Massachusetts Bay was a theocratic society, or a society in which the lines between church and state were blurred. Church membership, for example, was required for men to vote for elected local officials. The intent of many of the colony's laws was regulation of personal behavior based on Puritan values. Single men and women could not live on their own. Disrespectful servants, errant husbands, and disobedient wives were subject to civil penalties, and rebellious children could even be put to death. The laws also provided a degree of protection for women by punishing abusive men and compelling fathers to support their children.
Puritan efforts to maintain an intensely ideal religious community did not endure past the first generation. Their restrictive membership requirements in place made it difficult for the Puritan churches to maintain themselves. In 1662, the Half‐Way Covenant was adopted to address the problem. It allowed the church members' baptized children who would not give testimony to achieve sainthood (and thereby church membership) a “half‐way” membership in the congregation. This change in the rules meant that the children's children could receive baptism after all. Without sainthood, however, they could neither vote on church matters nor take communion. Change was also imposed from outside. Massachusetts's 1691 royal charter made property ownership rather than church membership the qualification for voting and provided for the toleration of religious dissenters. The New England Way was breaking down, and a consequence was the Salem witchcraft trials of 1692 and 1693.
Belief in witches and demonic possession was common in the seventeenth century, and many people, mainly middle‐aged women, were accused of witchcraft throughout New England. What made the events in Salem Village unique was the extent of the hysteria, which led to the imprisonment of more than one hundred men and women and the execution of twenty. Historians attribute the outbreak to several factors—rivalries between families, a clash of values between a small farming community like Salem Village and the more cosmopolitan commercial center of Salem, and the ties between many of the accused with Anglicans, Quakers, and Baptists, whom the Puritans considered heretics.

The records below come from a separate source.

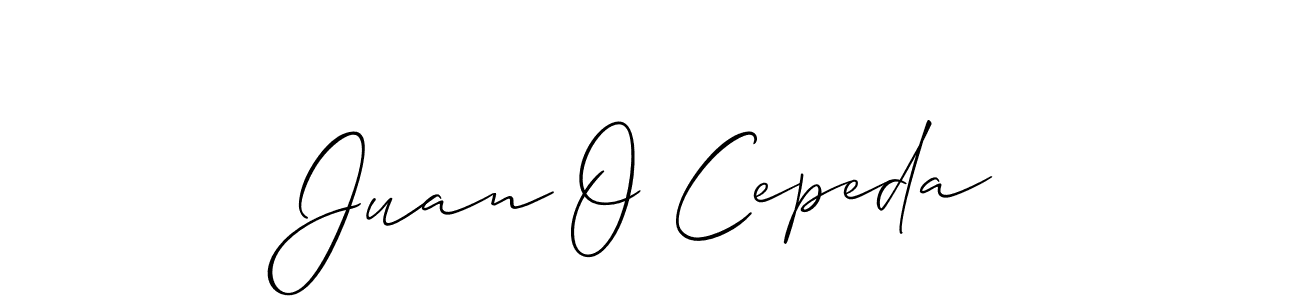 How to make Juan O Cepeda name signature. Use Allison_Script style for creating short signs online. This is the latest handwritten sign. Juan O Cepeda signature style 2 images and pictures png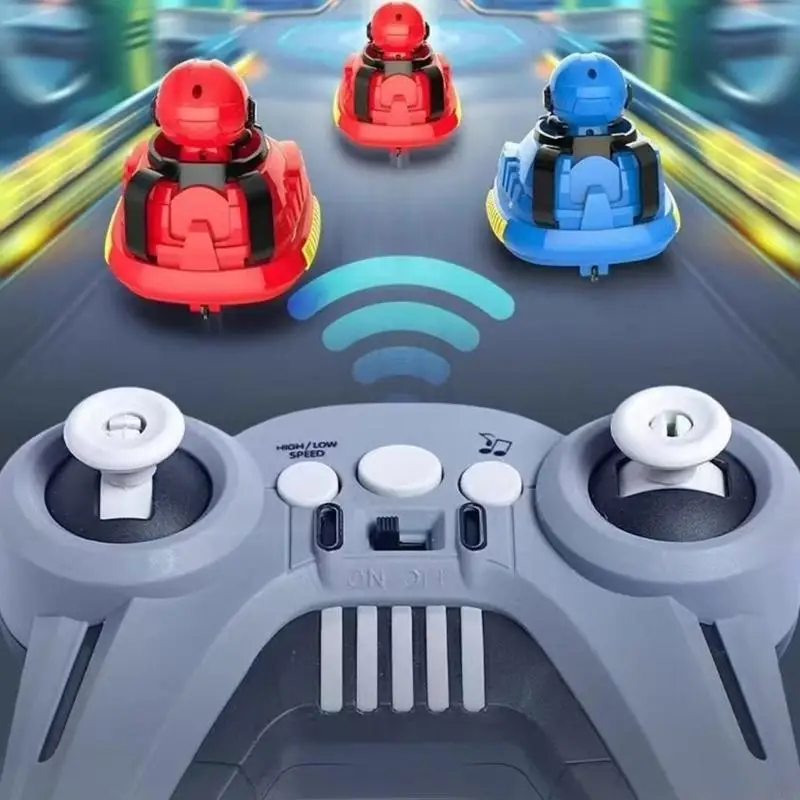 2Pcs Interactive Multi Player Remote Control Battle Car for Kids Fun Competitive Toy with High Speed Motor A2UB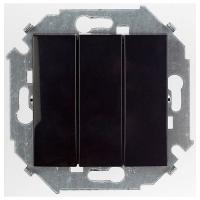 Симон 1591391-032 Выключатель 3-кл. чёрный РАСПРОДАЖА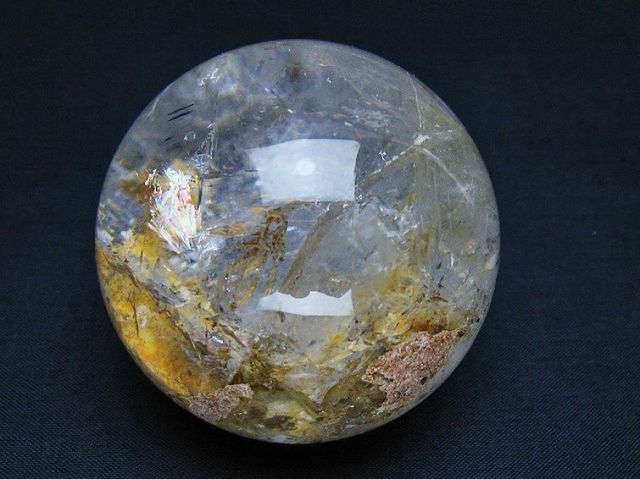 ガーデン水晶丸玉 62mm [t100-4676]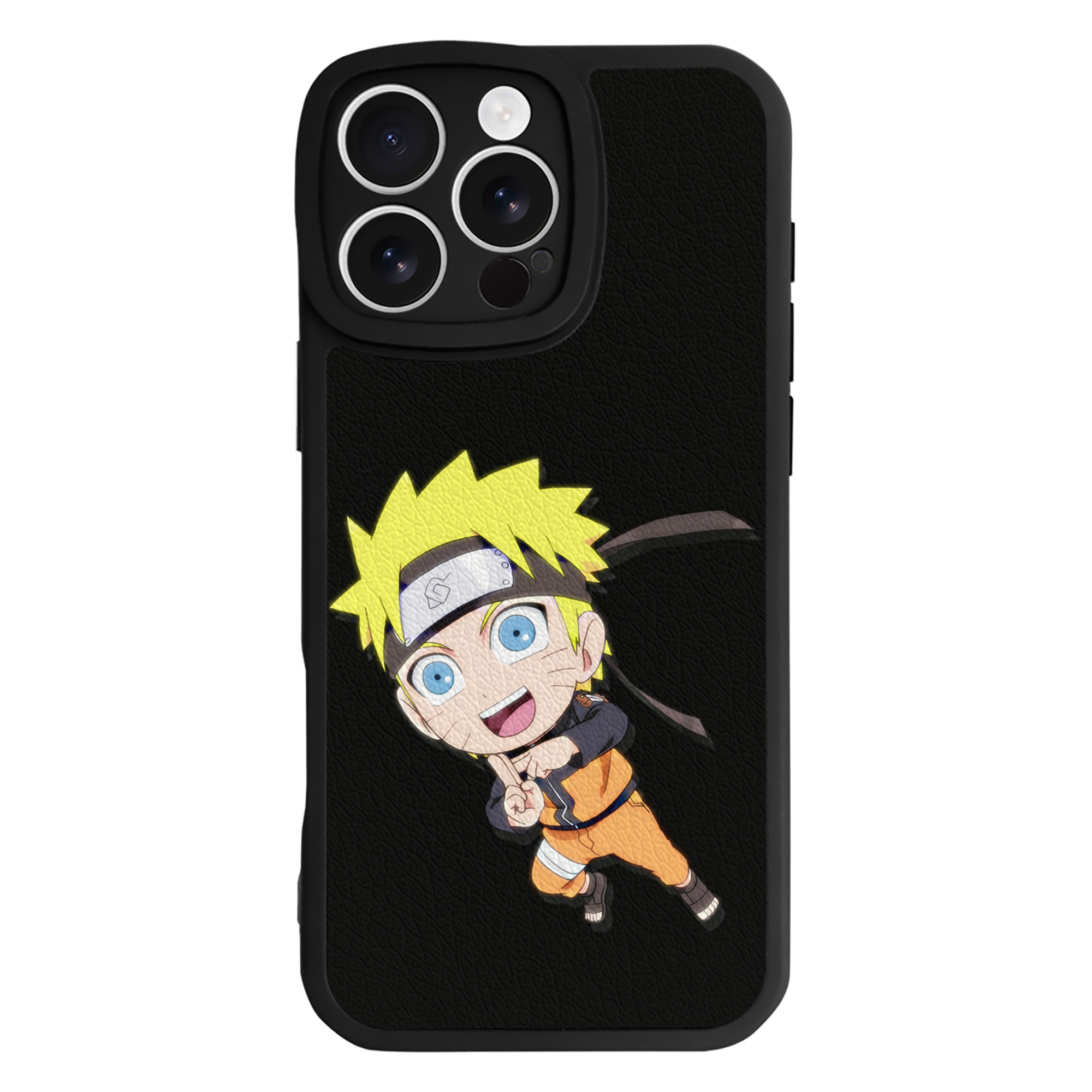 （画像用） NARUTO -ナルト- うずまき ナルト Uzumaki Naruto 【iPhone 16シリーズ対応】シリコンスマホケース（レザー調） 材質：シリコン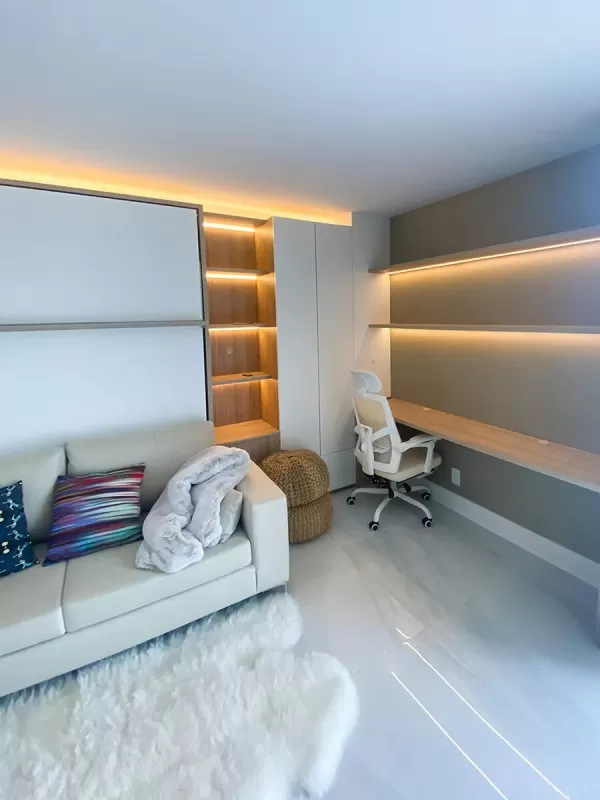 ROYAL Queen Wall Bed with Sectional Sofa Wardrobe and Bookcase Set 42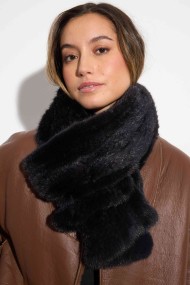 BUFANDA TRENZADA NEGRA PC-XXX5837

Connecticut, New Hampshire, and Maine. Connecticut was settled by colonists from Plymouth and Massachusetts Bay in the 1630s. Thomas Hooker, a minister from Cambridge who advocated less stringent views on religious conformity than other Puritan clergy, brought part of his congregation to the territory in 1636. New Haven, on the other hand, was founded two years later by Puritans who found even Massachusetts Bay too liberal. Self‐rule was established in 1639 through the Fundamental Orders of Connecticut, the first written constitution to create a government, which followed Hooker's approach and gave the right to vote to all freemen and not just church members. Relations with the Indians were important in Connecticut's early history. The Pequot War (1636–37) largely wiped out the Pequot tribe and cleared away the last obstacle to the expansion of settlements in the Connecticut River Valley. Despite the Fundamental Orders, Connecticut was really without legal status until 1662, when it was chartered as a royal colony.
New Hampshire and Maine were originally proprietorships granted not by the king but the Council of New England. Both colonies strove to maintain their independence but were only partly successful. Massachusetts effectively controlled New Hampshire until 1679, when it became a separate colony under a royal charter; Maine remained part of Massachusetts until 1820.